We calculate Adjusted EBITDA as net income (loss) for the year plus:

deferred and current income tax, which is calculated based on our income, adjusted based on certain additions and exclusions provided for in applicable legislation. The income taxes in Brazil consist of corporate income taxes (Imposto de Renda Pessoa Jurídica), or IRPJ, and, social contribution taxes (Contribuição Social sobre o Lucro Líquido), or CSLL;
financial results, which consists of interest expenses less interest income;
depreciation and amortization;
interest on tuition fees paid in arrears, which refers to interest received from students on late payments of monthly tuition fees and which is added back;
impairment of non-current assets, which consists of impairment charges associated with our on-campus undergraduate courses segment, given the deterioration in the prospects of this business;
share-based compensation plan, which consists of non-cash expenses related to the grant of share-based compensation, as well as fair value adjustments for share-based compensation expenses classified as a liability in our consolidated financial statements;
other income (expenses), net, which consists of other expenses such as contractual indemnities and deductible donations among others;
M&A, pre-offering expenses and restructuring expenses, which consists of adjustments that we believe are appropriate to provide additional information to investors about certain material non-recurring items. Such M&A, pre-offering expenses and restructuring expenses comprise: (i) mergers and acquisitions, or M&A, and pre-offering expenses, which are expenses related to mergers, acquisitions and divestments (including due diligence, transaction and integration costs), as well as the expenses related to the preparation of offerings; and (ii) restructuring expenses, which refers to expenses related to employee severance costs in connection with organizational and academic restructurings.

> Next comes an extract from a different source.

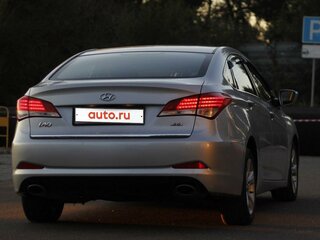2015 Hyundai i40 I, серый, 1449000 рублей, вид 3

We calculate Adjusted Net Income as net income (loss) for the year plus:

share-based compensation plan, as defined above;
M&A, pre-offering expenses and restructuring expenses, as defined above;
impairment of non-current assets, as defined above;
amortization of intangible assets recognized as a result of business combinations, which refers to the amortization of the following intangible assets from business combinations: software, trademark, digital education operation licenses, non-compete agreements, customer relationship and teaching-learning material. For more information, see note 14 to our audited consolidated financial statements, each included elsewhere in this annual report;
interest accrued at the original effective interest rate (excluding restatement as a result of inflation) on the accounts payable from the acquisition of subsidiaries, related to the acquisition of our operating units from Kroton in 2016 and 2017. See note 17 to our audited consolidated financial statements, each included elsewhere in this annual report; and
corresponding tax effects on adjustments, which represents the tax effect of pre-tax items excluded from adjusted net income (loss). The tax effect of pre-tax items excluded from adjusted net income (loss) is computed using the statutory rate related to the jurisdiction that was impacted by the adjustment after taking into account the impact of permanent differences and valuation allowances.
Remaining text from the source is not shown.